» Problem requirements
Below is a block of records; return all of them exactly, but without the images.

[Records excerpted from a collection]
#####
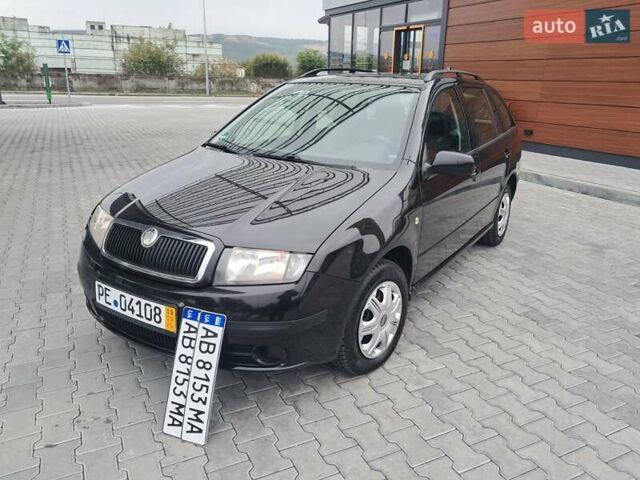 Чорний Шкода Фабія, об'ємом двигуна 1.4 л та пробігом 228 тис. км за 4750 $, фото 1 на Automoto.ua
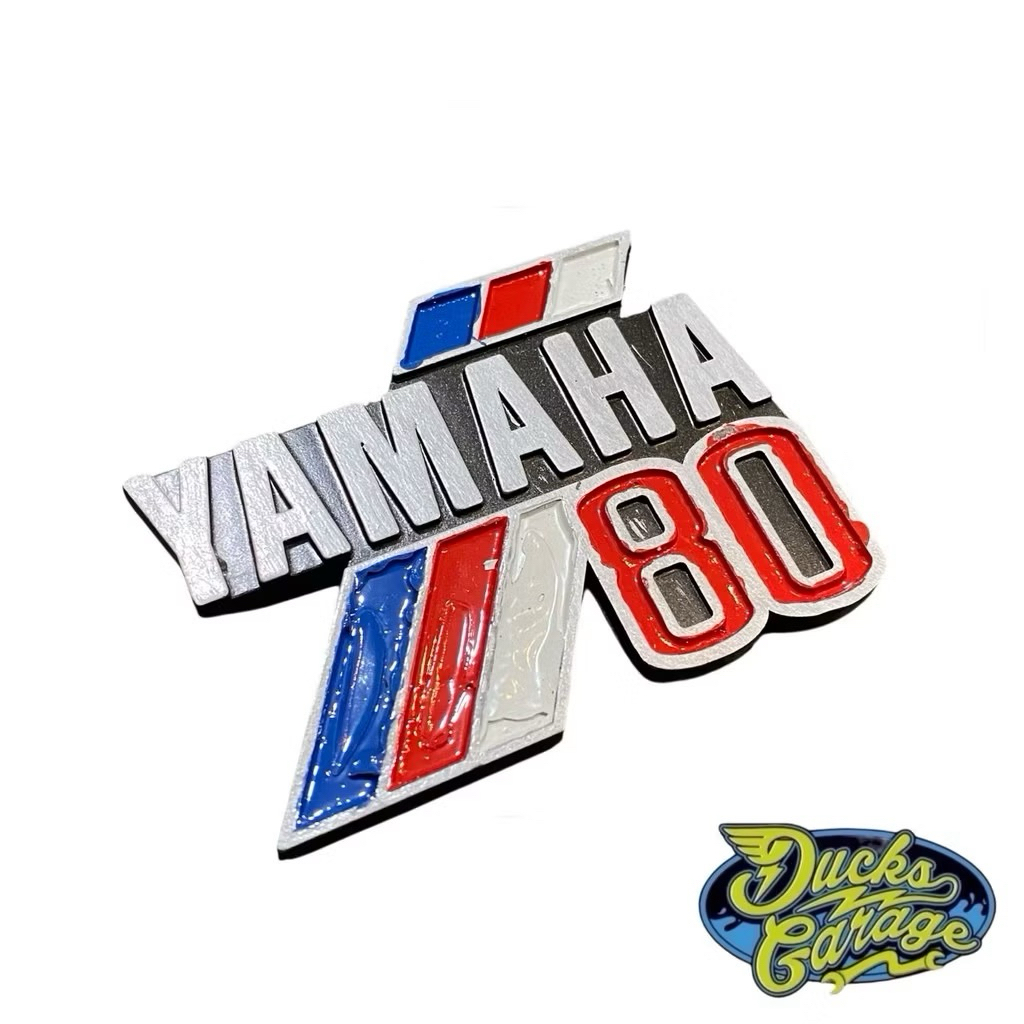 Emblem Logo Decal Sayap Yamaha V80 V 80 CDI Tahun 1981-1982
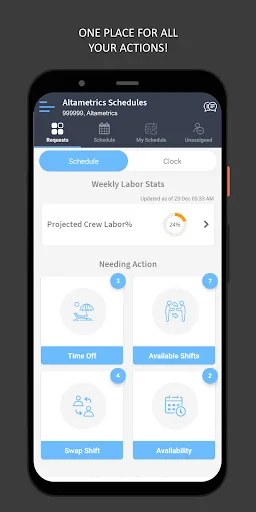 Altametrics Schedules screenshot 1
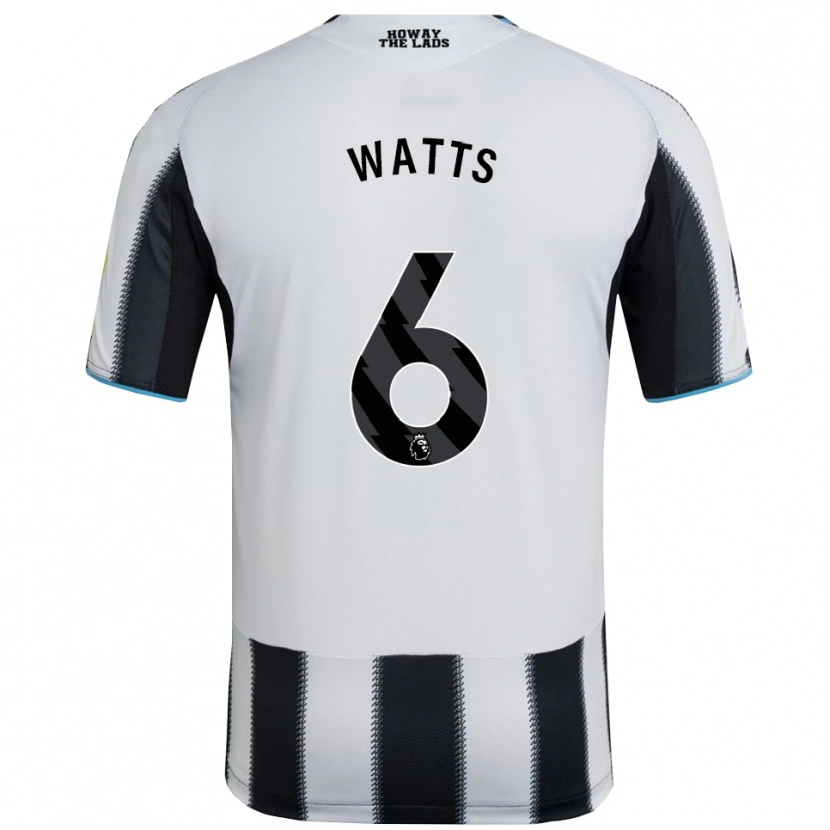 Danxen Herren Logan Watts #6 Schwarz Weiß Heimtrikot Trikot 2025/26 T-Shirt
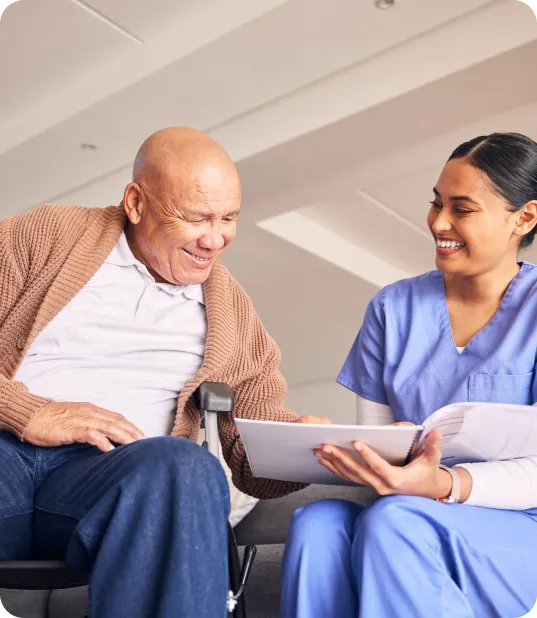 Reception and waiting area of a health institution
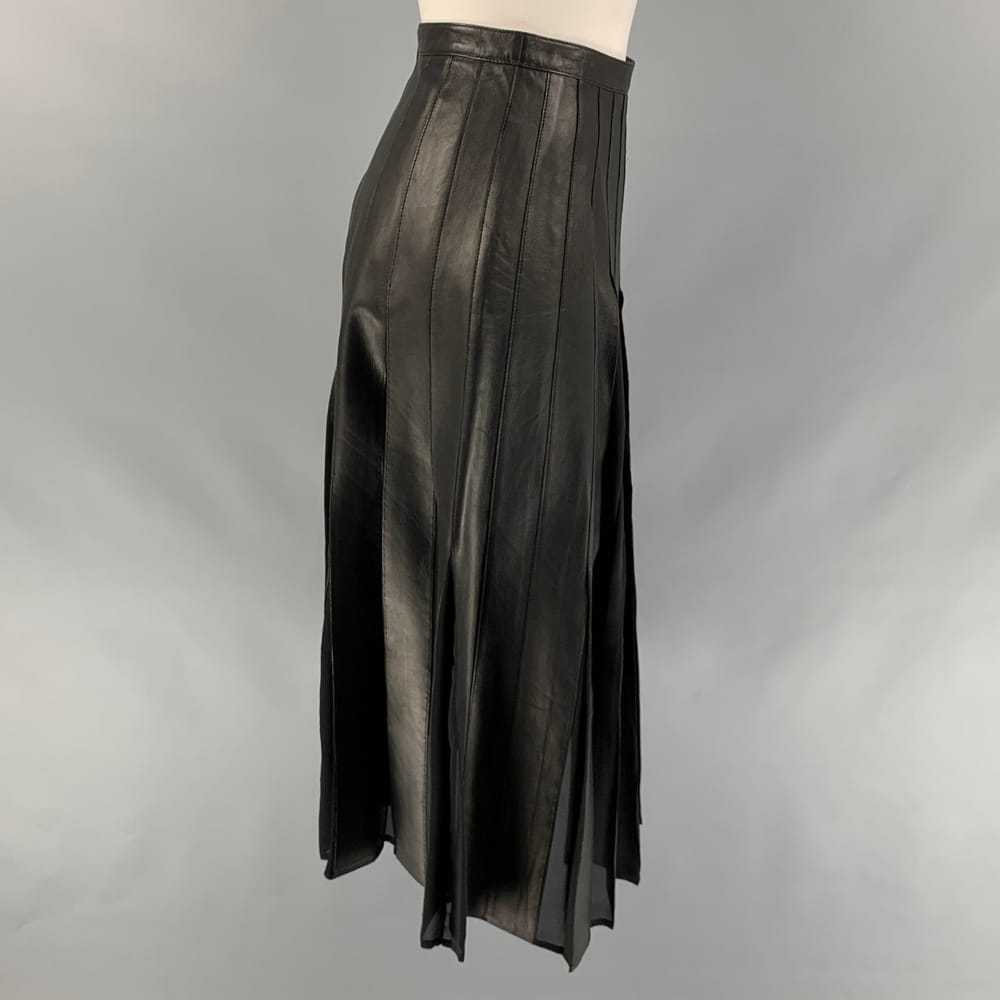 Burberry Leather skirt - image 2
#####
» Output of the task
 Чорний Шкода Фабія, об'ємом двигуна 1.4 л та пробігом 228 тис. км за 4750 $, фото 1 на Automoto.ua
 Emblem Logo Decal Sayap Yamaha V80 V 80 CDI Tahun 1981-1982
 Altametrics Schedules screenshot 1
 Danxen Herren Logan Watts #6 Schwarz Weiß Heimtrikot Trikot 2025/26 T-Shirt
 Reception and waiting area of a health institution
 Burberry Leather skirt - image 2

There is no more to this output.